Au demeurant, on vérifie souvent qu'à niveau égal d'endettement, une économie où la part de l'endettement public est relativement plus élevée connaît des conditions monétaires plus favorables. En temps normal, le risque souverain est moins « cher » que les risques des agents privés 83 ( * ) .

Il n'en reste pas moins qu'il est impératif de considérer le risque financier encouru par un Etat dont la configuration des finances publiques débouche sur une hausse continue de la dette publique .

Le danger est évidemment que cet Etat rencontre des difficultés de financement, soit que les prêteurs se détournent des titres qu'il émet, soit qu'ils lui imposent des taux d'intérêts supérieurs.

Dans cette dernière hypothèse (différente d'une crise de solvabilité à quoi se résume la première), l'écart entre le coût de la dette et la croissance aggrave l'effet boule de neige de la dette et élève la contrainte d'assainissement budgétaire. Il faut un solde primaire encore supérieur à celui nécessaire à la stabilisation de la dette avant la tension sur les conditions des emprunts publics.

L'actualité montre que les marchés peuvent imposer à des Etats des conditions monétaires de plus en plus tendues. De même, l'histoire n'exclut pas des crises de solvabilité.

BREF RETOUR SUR LE PROTOCOLE FINANCIER DE LA ZONE EURO

Le pace de stabilité et de croissance a posé un double plafond :

- 3 points de PIB pour le déficit public,

- 60 points de PIB pour la dette publique brute.

Cette norme est en partie contingente, en partie cohérente.

Du côté de la contingence , on peut relever le choix de fixer à 60 points de PIB le niveau-cible de la dette publique. Ce plafond correspond semble-t-il à la moyenne de la dette publique en Europe au moment de l'adoption du protocole. La référence est donc plus historique qu'économique. En effet, il est difficile de justifier qu'une dette publique supérieure ne soit pas soutenable. Inversement, les évènements postérieurs à l'adoption du protocole (le resserrement de la contrainte budgétaire européenne) paraissent impliquer que cette cible n'est pas soutenable car trop laxiste.

Du côté de la cohérence , on signalera le lien établi entre la valeur cible de dette publique et le plafond de déficit public.

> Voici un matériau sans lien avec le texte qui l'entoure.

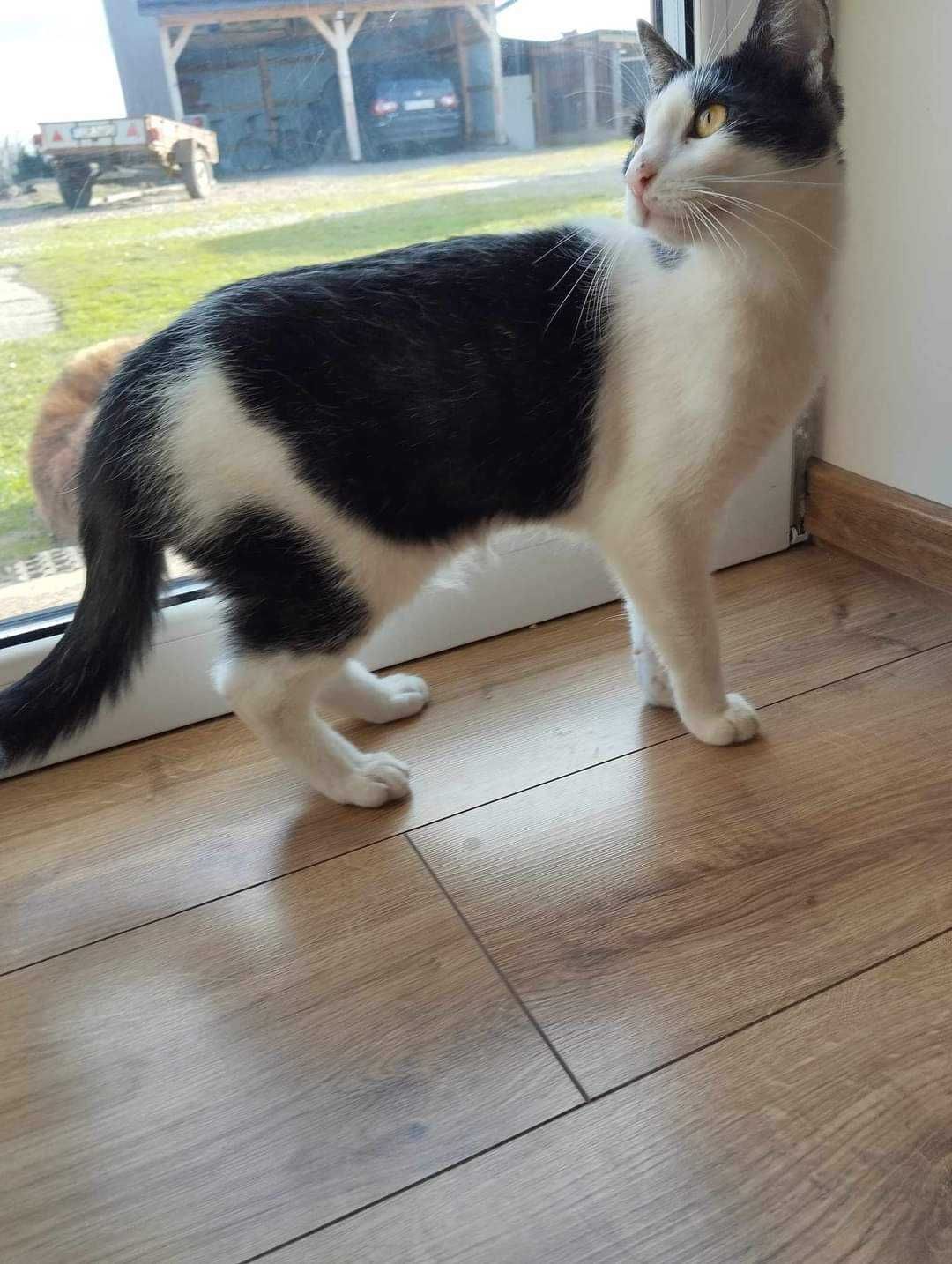 Dżipsy piękna kotka do adopcji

Compte tenu des perspectives de croissance économique d'alors (+ 3 % en volume et des prix du PIB augmentant de 2 % par an), soit 5 % en valeur, un déficit public de 3 % permet de stabiliser le niveau de la dette publique dans le PIB des Etats.

A cet égard, l'Europe, qui exclut la mise en oeuvre de mécanismes d'assurances publiques entre Etats (alors que de tels mécanismes sont possibles quand il y a un partenaire privé dans l'opération), en même temps qu'elle renforce par là la contrainte budgétaire, se prive d'un instrument de régulation des marchés des dettes souveraines 84 ( * ) .

En même temps, l'appétit des prêteurs pour les dettes publiques ne doit pas être négligé dans un contexte où, dans le couple rendement-risque, les primes de risque ont été revues à la hausse.

Dans ces conditions, moyennant la mise en oeuvre de mesures destinées à prévenir l'accumulation des comportements spéculatifs tant sur les marchés souverains que des émetteurs privés, le risque financier ne serait vraiment fort, pour un Etat, qu'en cas de dérive prolongée de la dette publique.

* 83 Il peut y avoir des exceptions. Dans la période précédant l'éclatement du crédit hypothécaire, les crédits immobiliers aux particuliers ont pu être assortis des taux d'intérêt plus bas que pour les emprunts d'Etat. Par ailleurs, ces constats ne préjugent en rien de l'efficacité économique des emplois financés par l'emprunt.

* 84 Le fonds monétaire international n'est pas exposé à cette limitation de son champ d'action et pallie les lacunes nées de l'absence d'un fonds monétaire européen.